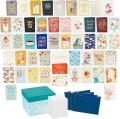 Assorted Greeting Cards Box Set – Perfect for Birthdays, Weddings, Holidays, Sympathy & More – A Versatile Collection of All Occasion Greeting Cards Assorted Greeting Cards Box Set – Perfect for Birthdays, Weddings, Holidays, Sympathy & More – A Versatile Collection of All Occasion Greeting Cards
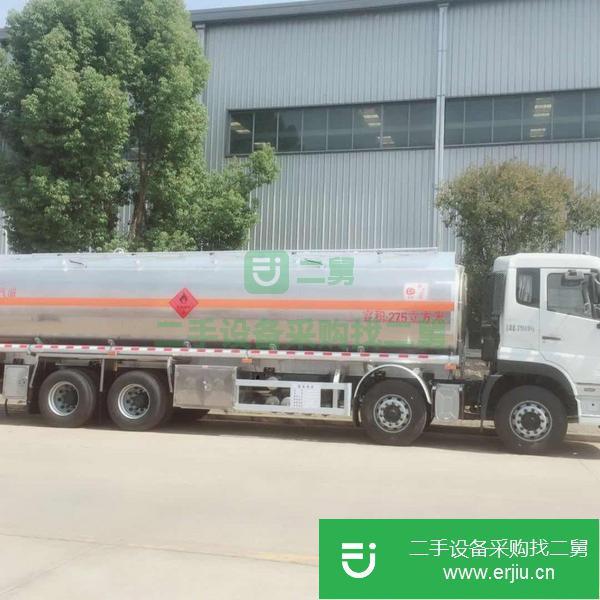 上海出售二手天龍油罐車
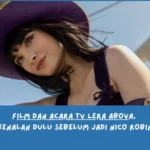 Film dan Acara TV Lera Abova yang (Mungkin) Udah Kamu Tonton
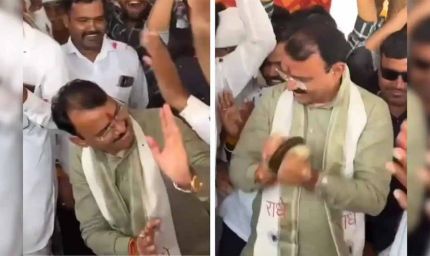 तेजाजी की मूर्ति के प्राण प्रतिष्ठा समारोह में पहुंचे डिप्टी सीएम बैरवा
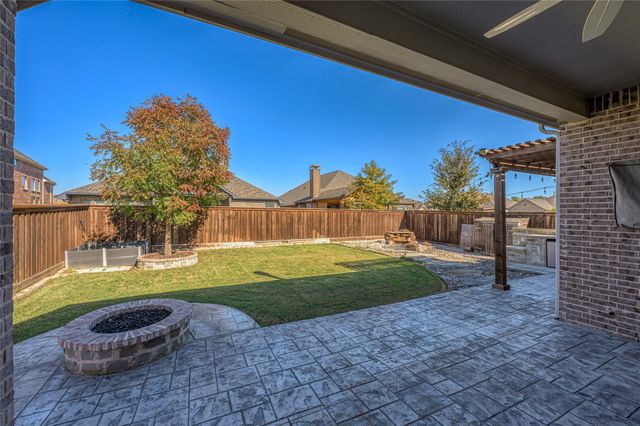 1029 Saffold Trail, Mckinney, TX 75071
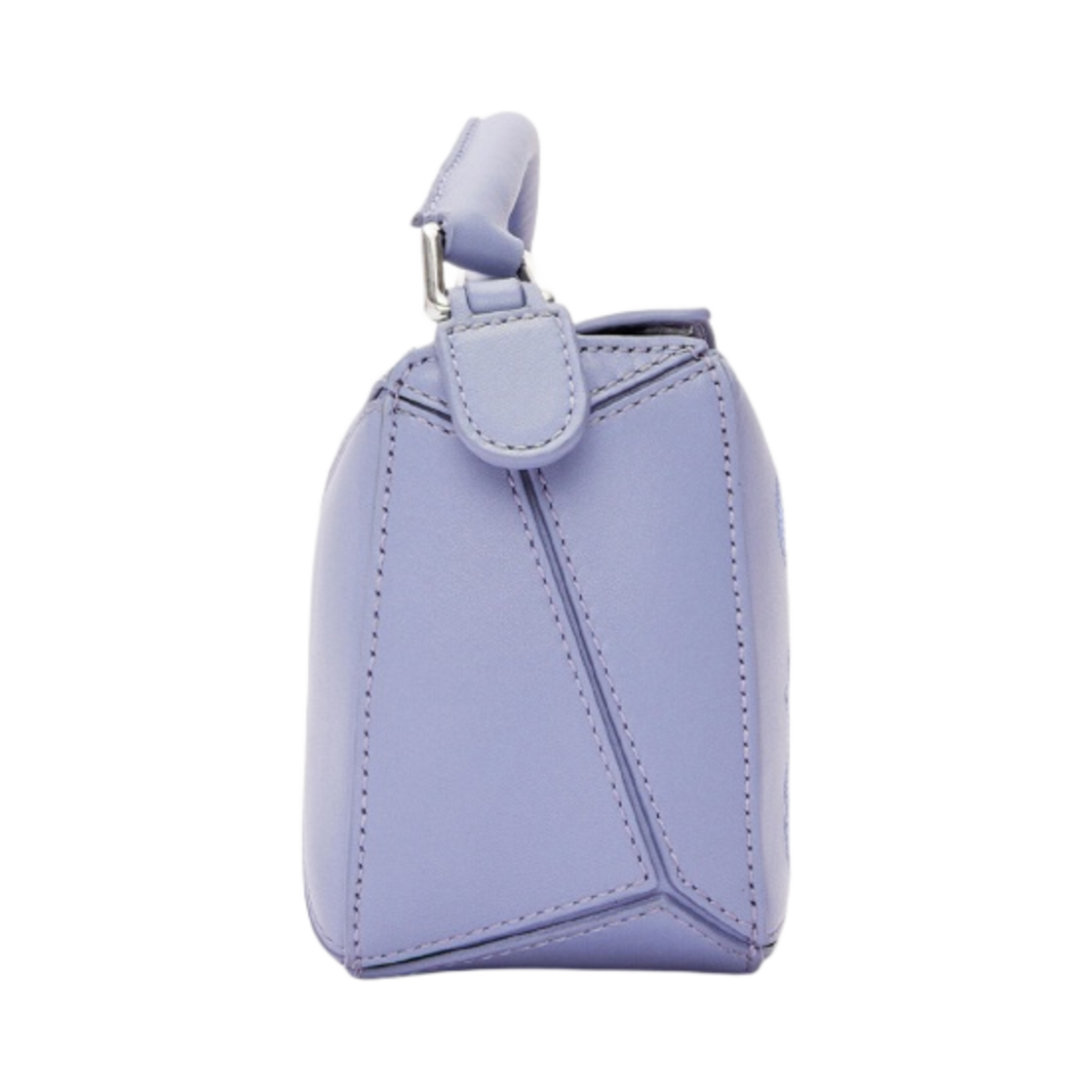 로에베 x 하울의 움직이는 성 캘시퍼 미니 퍼즐백 사틴 카프스킨 블루베리(Loewe x Howl's Moving Castle Calcifer Mini Puzzle Bag in Satin Calfskin Blueberry) - 3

========

§ **WHAT YOU HAVE TO DO**
What you return must match the data above exactly, with no images included.

§ **WORKED SOLUTION**
 Assorted Greeting Cards Box Set – Perfect for Birthdays, Weddings, Holidays, Sympathy & More – A Versatile Collection of All Occasion Greeting Cards Assorted Greeting Cards Box Set – Perfect for Birthdays, Weddings, Holidays, Sympathy & More – A Versatile Collection of All Occasion Greeting Cards
 上海出售二手天龍油罐車
 Film dan Acara TV Lera Abova yang (Mungkin) Udah Kamu Tonton
 तेजाजी की मूर्ति के प्राण प्रतिष्ठा समारोह में पहुंचे डिप्टी सीएम बैरवा
 1029 Saffold Trail, Mckinney, TX 75071
 로에베 x 하울의 움직이는 성 캘시퍼 미니 퍼즐백 사틴 카프스킨 블루베리(Loewe x Howl's Moving Castle Calcifer Mini Puzzle Bag in Satin Calfskin Blueberry) - 3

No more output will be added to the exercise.